South-South Cooperation Prevails in the General Assembly

GLOBAL TIMES – Appeals for international unity have grown sour in the General Assembly. The “three-bloc system” that the members of the Assembly have organised themselves into are beginning to cause tensions along regional lines. In response to this, the Russian Federation in a surprising statement, made clear of its concerns that “such [disunity] is contrary to the spirit of the Second Committee.”
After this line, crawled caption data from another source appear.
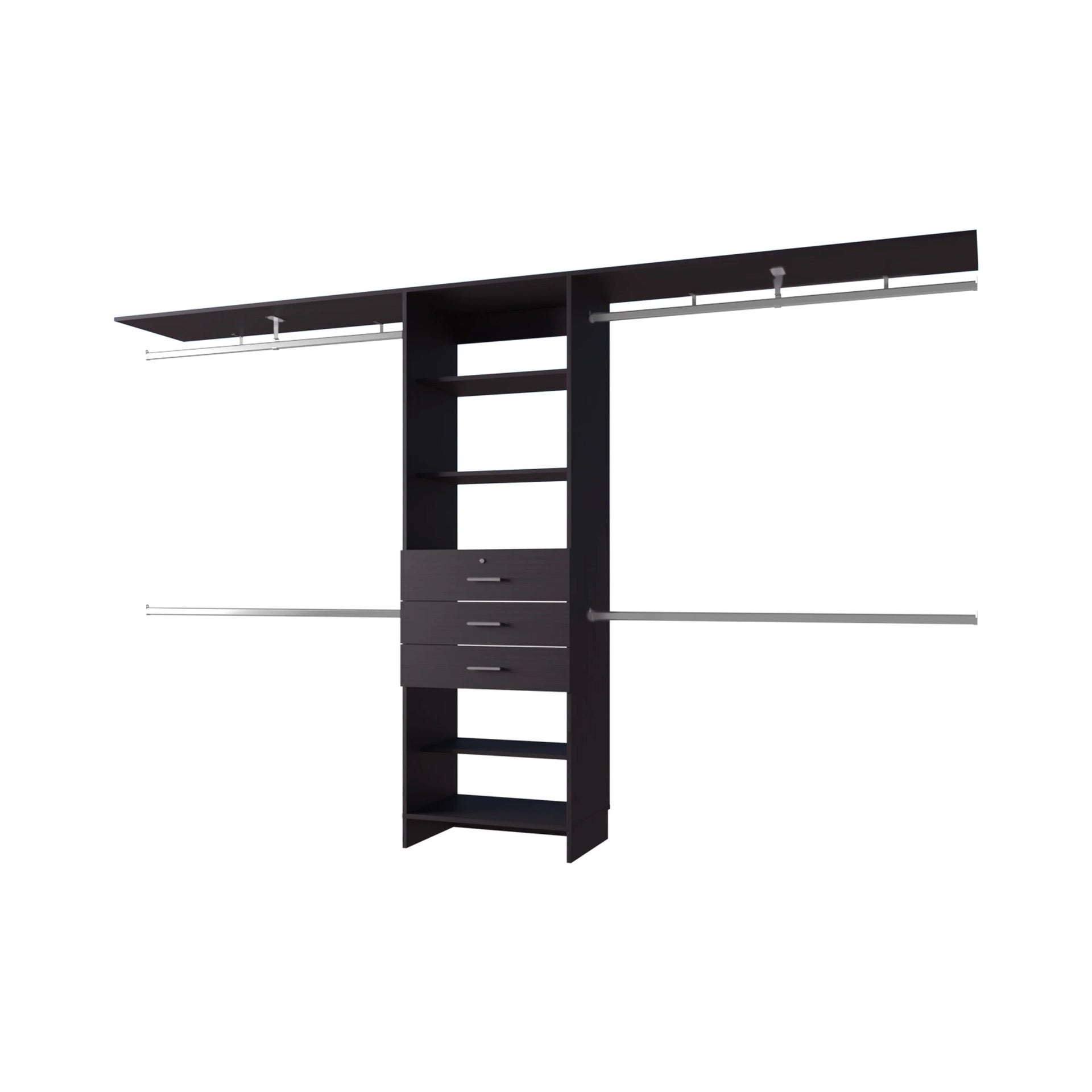 Wengue Modular Closet Organizer System with Hanging Rods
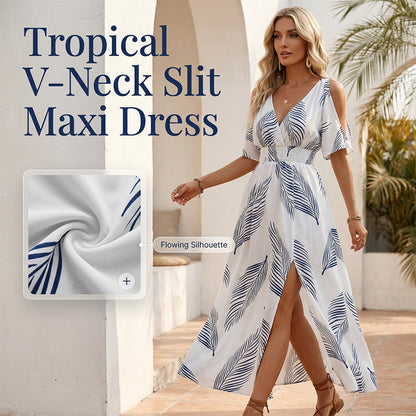 👗 49% OFF NOW! 🌞Cold Shoulder Tropical Print Split Maxi Dress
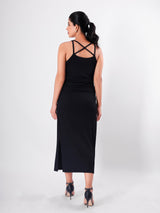 Solid Side Slit Strappy Midi Dress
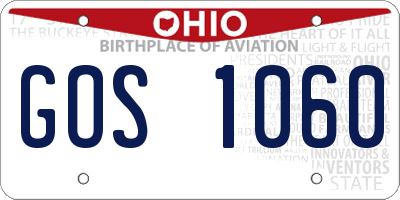 OH license plate GOS1060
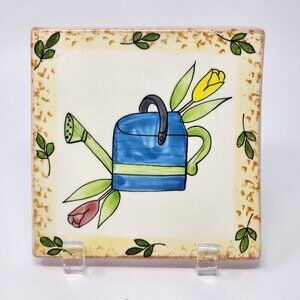 Mikasa Ceramic Trivet Tile Watering Can Flowers Country Garden LGA35 5.75"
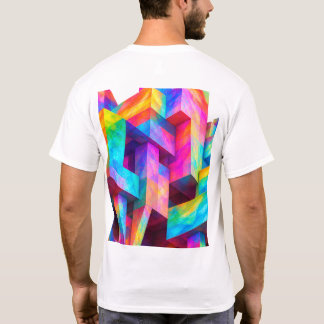 Färgrik geometrisk abstrakt t-shirt – livlig mode
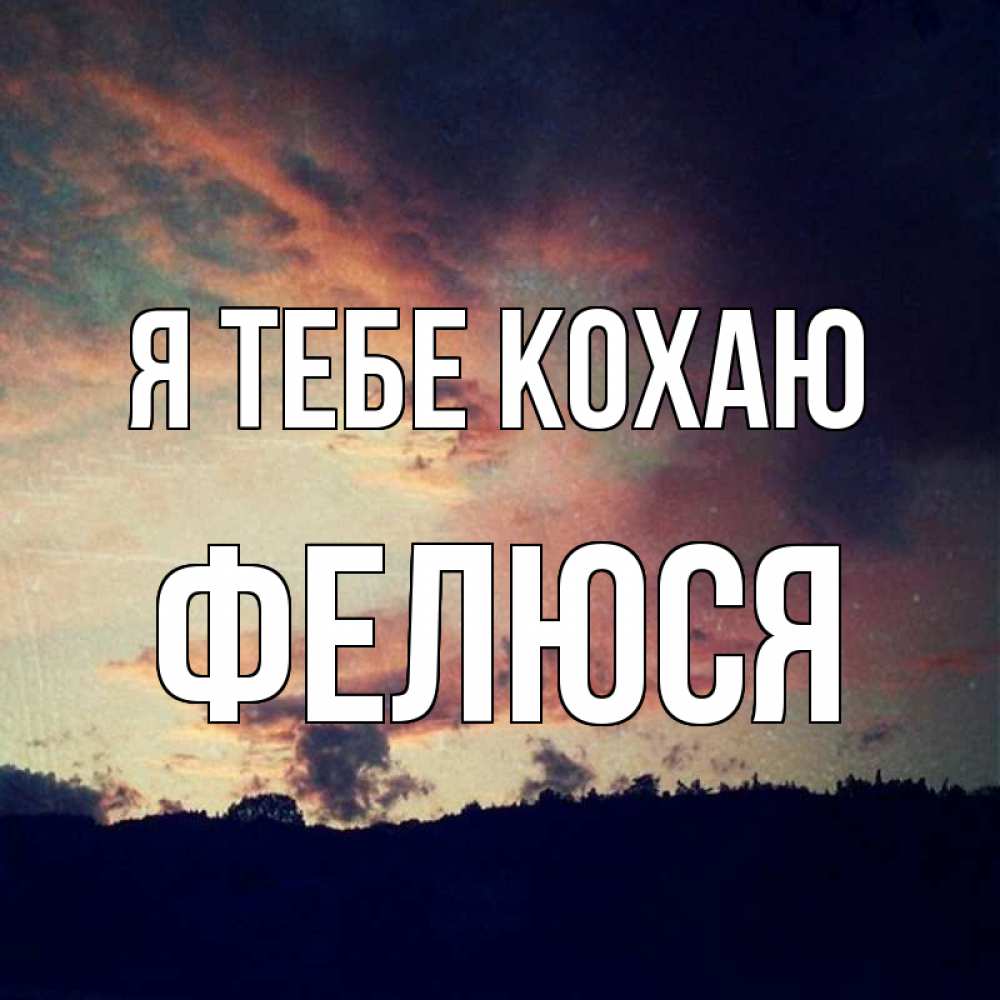 Открытка на каждый день з підписом, Фелюся Я тебе кохаю закат Прикольна листівка з побажанням онлайн скачати безкоштовно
Representatives from the Africa-Caribbean-Latin America-Oceania (ACLAO) bloc have expressed their frustrations over their interactions with the Europe bloc. Tensions flared when representatives of the Europe bloc accused the ACLAO bloc for “theft of ideas.” However, representatives of the ACLAO bloc maintain that ideas such as “regional frameworks” were in fact “stolen” by members of the Europe bloc. This view is based on environmental sensitivities, especially in biologically rich regions such as the Amazon, that are specific to the ACLAO bloc. When pressed further, representatives of the ACLAO bloc went as so far as to claim that Europe bloc’s aggressive attitude is reflective of the “imperial legacy that [the West] has had on the ACLAO countries, and the broader Global South.” In a fiery closing statement, the ACLAO bloc warned that if Europe continues to pursue these accusations, that the ACLAO bloc maintains “a sizable majority” which could potentially “influence the vote” of the Assembly.
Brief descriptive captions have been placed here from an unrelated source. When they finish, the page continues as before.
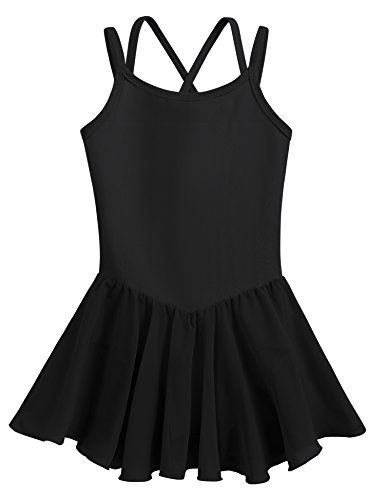 Arshiner Kids Girls Skirted Leotard Dance Ballet Dress Black 6-7Y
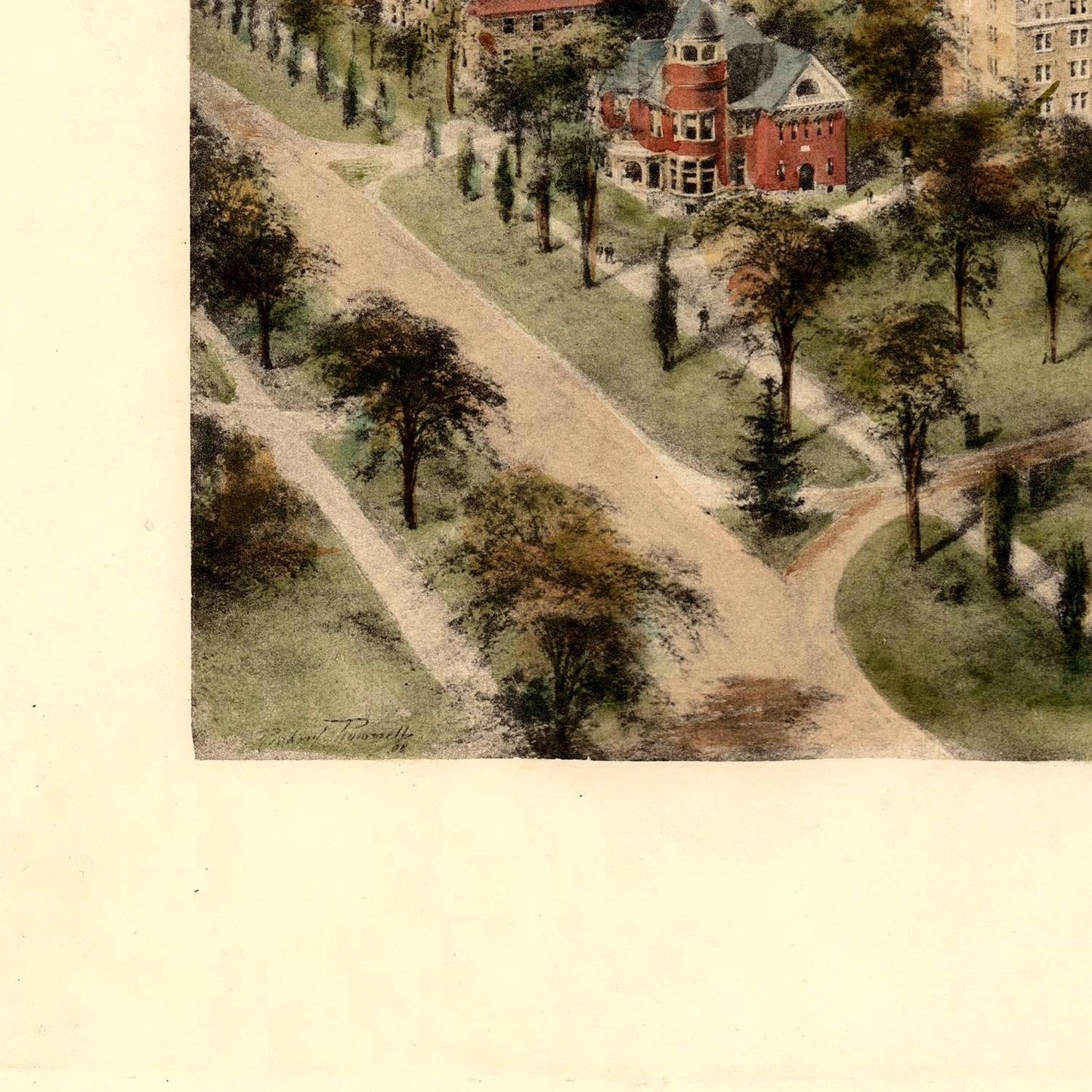 detail of the drawing reproduction from the bottom left corner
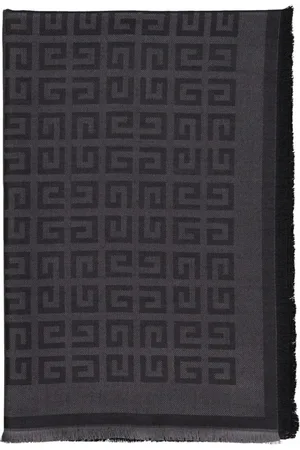 Givenchy Tilbehør, Dame, Grå, ONE SIZE, Uld, Silke 4G Tørklæde Frynser Monogram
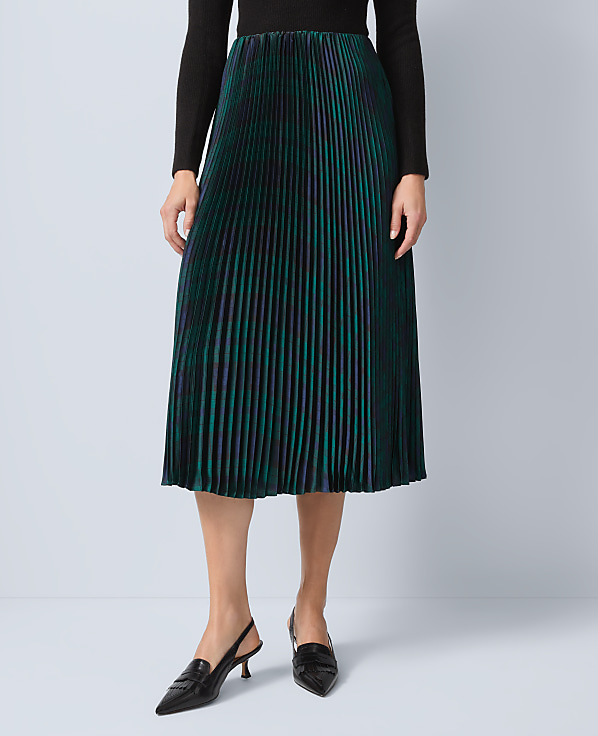 Petite Plaid Pleated Midi Skirt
Other sources of contention lied in specific details of working papers. Several Europe bloc representatives firmly held that any resolution passed by the General Assembly must not mention the 2010 Nagoya Protocol, citing “the lack of unanimous ratification” by members of the Europe bloc. This has been a cause of irritation, specifically for the Asia and ACLAO blocs, who reference the Protocol in their respective working papers. When asked on the state of Asia-Europe bloc relations, several representatives of the Asia bloc expressed that if Europe persists on its divisive rhetoric, they would withdraw support for a Asia-Europe merger. When asked whether the Asia bloc would consider merging with the ACLAO bloc, representatives stated that they would “look favourably for talks.”
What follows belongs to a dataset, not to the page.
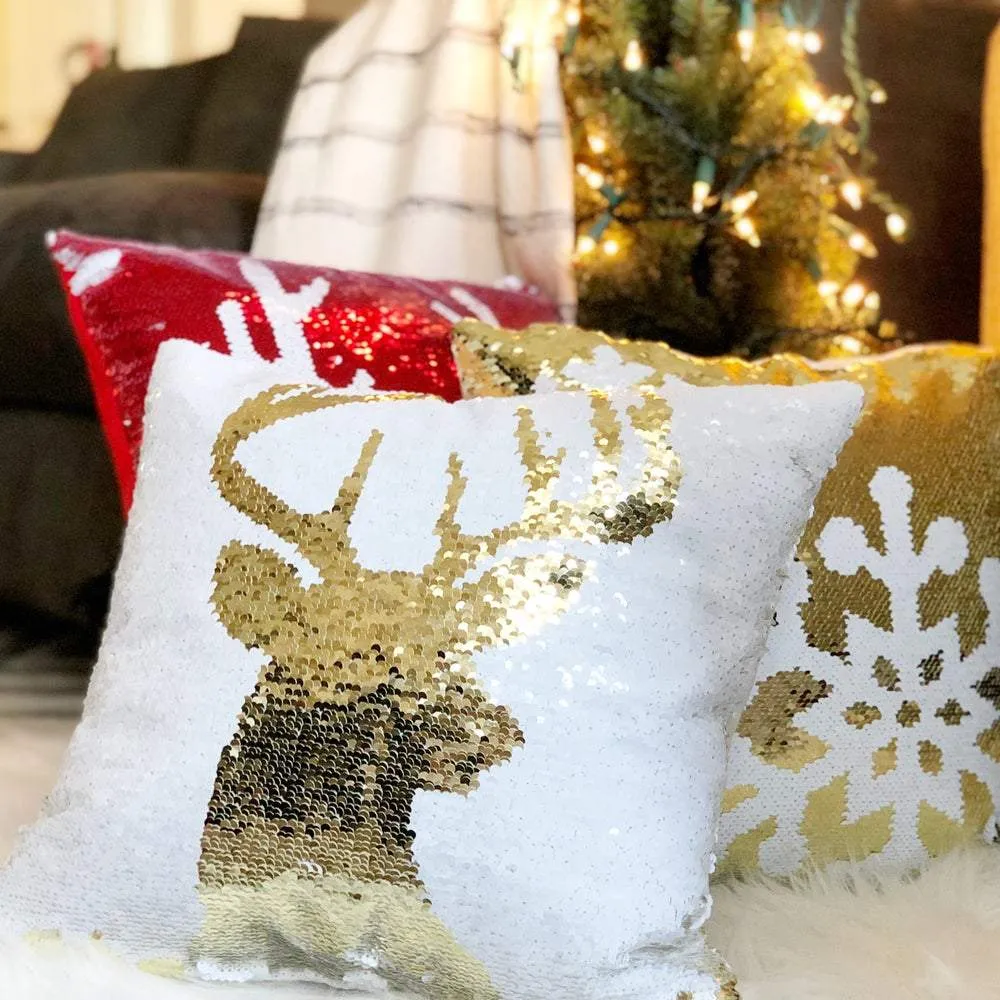 Reversible Sequin Holiday Pillow Covers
China considers the ACLAO-Europe situation as concerning, expressing the need for calm from all regional blocs. China rejects the use of “personal attacks” made by specific delegates and remains neutral on the issue of inter-regional conflict. This sentiment was echoed by other members of the Asia and ACLAO blocs, who see the actions by the specific delegates as an appeal for greater “further negotiations.”

When asked for further comment, the ACLAO bloc expressed that they would remain reserved on the issue.